Records for this task -
'''

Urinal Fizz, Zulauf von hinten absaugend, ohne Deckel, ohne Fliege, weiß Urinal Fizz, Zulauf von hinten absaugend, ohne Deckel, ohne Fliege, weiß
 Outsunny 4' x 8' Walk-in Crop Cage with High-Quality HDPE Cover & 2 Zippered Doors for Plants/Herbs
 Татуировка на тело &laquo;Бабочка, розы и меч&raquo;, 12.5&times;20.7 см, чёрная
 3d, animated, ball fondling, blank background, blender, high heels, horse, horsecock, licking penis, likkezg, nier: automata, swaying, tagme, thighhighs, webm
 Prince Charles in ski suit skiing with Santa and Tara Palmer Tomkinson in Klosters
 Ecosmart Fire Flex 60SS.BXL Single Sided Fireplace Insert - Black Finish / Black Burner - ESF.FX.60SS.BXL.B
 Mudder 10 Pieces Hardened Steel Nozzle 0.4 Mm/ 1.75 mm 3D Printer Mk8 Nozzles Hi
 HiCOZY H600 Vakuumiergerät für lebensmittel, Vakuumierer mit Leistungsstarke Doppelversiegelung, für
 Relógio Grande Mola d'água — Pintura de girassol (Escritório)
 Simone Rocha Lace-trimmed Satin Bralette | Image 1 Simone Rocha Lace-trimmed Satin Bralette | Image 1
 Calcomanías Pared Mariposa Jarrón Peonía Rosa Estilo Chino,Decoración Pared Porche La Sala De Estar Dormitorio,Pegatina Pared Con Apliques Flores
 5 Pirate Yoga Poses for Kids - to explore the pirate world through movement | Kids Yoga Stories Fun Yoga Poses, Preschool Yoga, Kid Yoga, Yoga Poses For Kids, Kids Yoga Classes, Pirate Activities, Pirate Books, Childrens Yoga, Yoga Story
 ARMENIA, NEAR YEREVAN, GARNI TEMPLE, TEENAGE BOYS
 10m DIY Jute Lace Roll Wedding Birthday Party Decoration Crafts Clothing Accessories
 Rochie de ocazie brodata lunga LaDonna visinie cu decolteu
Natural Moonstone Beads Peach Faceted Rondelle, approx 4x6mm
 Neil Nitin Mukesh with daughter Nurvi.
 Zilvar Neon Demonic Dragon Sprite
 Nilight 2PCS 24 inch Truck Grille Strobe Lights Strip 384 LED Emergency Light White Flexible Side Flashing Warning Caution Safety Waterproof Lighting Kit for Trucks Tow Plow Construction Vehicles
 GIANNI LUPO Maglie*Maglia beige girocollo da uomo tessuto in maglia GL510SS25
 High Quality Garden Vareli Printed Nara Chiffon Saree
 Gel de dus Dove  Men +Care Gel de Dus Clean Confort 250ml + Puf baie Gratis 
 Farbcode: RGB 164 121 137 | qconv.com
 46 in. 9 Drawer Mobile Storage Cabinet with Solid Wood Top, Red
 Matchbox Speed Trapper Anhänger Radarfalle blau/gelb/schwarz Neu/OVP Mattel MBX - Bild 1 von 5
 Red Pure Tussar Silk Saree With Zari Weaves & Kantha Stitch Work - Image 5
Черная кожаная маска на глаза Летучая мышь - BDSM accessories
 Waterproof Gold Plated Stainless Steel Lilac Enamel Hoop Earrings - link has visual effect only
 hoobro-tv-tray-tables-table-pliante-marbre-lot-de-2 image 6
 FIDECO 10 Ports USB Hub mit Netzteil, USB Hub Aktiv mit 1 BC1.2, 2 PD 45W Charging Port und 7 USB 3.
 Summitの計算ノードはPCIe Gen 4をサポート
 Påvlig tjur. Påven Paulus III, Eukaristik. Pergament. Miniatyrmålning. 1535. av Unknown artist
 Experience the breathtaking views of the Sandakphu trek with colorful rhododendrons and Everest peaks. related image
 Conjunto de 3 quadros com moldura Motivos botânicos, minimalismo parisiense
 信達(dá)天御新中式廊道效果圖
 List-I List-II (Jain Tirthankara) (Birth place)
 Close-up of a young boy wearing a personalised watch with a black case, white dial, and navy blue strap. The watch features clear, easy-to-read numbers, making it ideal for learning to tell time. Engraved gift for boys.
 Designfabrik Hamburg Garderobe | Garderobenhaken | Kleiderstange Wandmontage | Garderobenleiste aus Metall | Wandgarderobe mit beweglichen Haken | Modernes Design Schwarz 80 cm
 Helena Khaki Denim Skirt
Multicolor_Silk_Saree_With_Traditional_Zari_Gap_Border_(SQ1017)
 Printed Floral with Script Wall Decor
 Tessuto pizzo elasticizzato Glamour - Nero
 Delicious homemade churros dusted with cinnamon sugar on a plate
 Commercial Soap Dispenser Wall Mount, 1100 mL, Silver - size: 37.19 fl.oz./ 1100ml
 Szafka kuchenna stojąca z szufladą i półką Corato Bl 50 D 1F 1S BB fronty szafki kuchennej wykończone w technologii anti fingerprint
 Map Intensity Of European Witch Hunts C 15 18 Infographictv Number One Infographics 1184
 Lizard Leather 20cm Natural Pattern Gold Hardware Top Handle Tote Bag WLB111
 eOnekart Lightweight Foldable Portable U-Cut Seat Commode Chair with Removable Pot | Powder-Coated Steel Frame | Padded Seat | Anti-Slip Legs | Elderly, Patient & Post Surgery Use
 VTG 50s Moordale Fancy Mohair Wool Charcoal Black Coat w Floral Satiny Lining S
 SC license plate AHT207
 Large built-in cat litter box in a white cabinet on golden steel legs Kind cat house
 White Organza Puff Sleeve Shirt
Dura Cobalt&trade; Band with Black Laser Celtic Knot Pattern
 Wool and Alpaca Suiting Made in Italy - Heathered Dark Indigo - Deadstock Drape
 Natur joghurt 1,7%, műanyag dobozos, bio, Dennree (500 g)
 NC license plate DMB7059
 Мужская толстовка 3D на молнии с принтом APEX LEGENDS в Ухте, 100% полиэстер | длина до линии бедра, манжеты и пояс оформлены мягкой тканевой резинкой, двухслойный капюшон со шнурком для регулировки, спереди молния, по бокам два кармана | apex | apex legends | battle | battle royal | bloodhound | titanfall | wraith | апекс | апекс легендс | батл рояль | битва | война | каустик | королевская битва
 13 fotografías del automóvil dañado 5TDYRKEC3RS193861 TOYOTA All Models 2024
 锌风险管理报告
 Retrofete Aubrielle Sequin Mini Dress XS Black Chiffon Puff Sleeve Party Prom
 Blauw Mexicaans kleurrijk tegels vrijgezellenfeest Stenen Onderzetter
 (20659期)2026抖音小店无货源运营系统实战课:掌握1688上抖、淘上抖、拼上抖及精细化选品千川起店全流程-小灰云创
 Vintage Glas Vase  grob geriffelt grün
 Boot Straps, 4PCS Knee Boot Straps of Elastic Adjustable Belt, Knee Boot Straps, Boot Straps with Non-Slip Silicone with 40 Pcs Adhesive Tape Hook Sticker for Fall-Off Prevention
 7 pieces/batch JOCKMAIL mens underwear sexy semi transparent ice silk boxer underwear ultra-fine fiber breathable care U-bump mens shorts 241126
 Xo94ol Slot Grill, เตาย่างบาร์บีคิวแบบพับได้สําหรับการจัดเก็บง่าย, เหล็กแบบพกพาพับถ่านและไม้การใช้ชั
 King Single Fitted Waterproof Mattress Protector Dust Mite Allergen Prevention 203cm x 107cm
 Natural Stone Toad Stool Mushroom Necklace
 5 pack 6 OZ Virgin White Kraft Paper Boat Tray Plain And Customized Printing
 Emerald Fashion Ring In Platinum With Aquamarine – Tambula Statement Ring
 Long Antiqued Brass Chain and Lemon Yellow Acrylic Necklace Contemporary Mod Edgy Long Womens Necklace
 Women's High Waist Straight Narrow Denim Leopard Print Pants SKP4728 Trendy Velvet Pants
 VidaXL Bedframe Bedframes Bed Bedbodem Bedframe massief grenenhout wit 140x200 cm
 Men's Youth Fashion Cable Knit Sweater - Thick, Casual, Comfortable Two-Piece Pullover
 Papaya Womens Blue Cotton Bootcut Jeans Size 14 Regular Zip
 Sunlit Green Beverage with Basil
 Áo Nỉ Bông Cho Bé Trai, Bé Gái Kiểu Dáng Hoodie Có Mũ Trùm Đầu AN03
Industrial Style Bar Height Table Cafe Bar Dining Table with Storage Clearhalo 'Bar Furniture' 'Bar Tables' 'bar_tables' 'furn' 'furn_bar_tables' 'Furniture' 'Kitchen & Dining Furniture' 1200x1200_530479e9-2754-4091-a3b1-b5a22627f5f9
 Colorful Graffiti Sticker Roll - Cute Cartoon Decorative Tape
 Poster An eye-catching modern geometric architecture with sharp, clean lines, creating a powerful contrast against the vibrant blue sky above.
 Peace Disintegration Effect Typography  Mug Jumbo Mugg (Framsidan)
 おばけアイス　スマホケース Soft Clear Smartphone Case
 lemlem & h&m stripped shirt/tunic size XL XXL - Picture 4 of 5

'''

Task prompt - Every line in the listing that holds the string "Printed" should be copied out.

Solution for this task -
 High Quality Garden Vareli Printed Nara Chiffon Saree
 Printed Floral with Script Wall Decor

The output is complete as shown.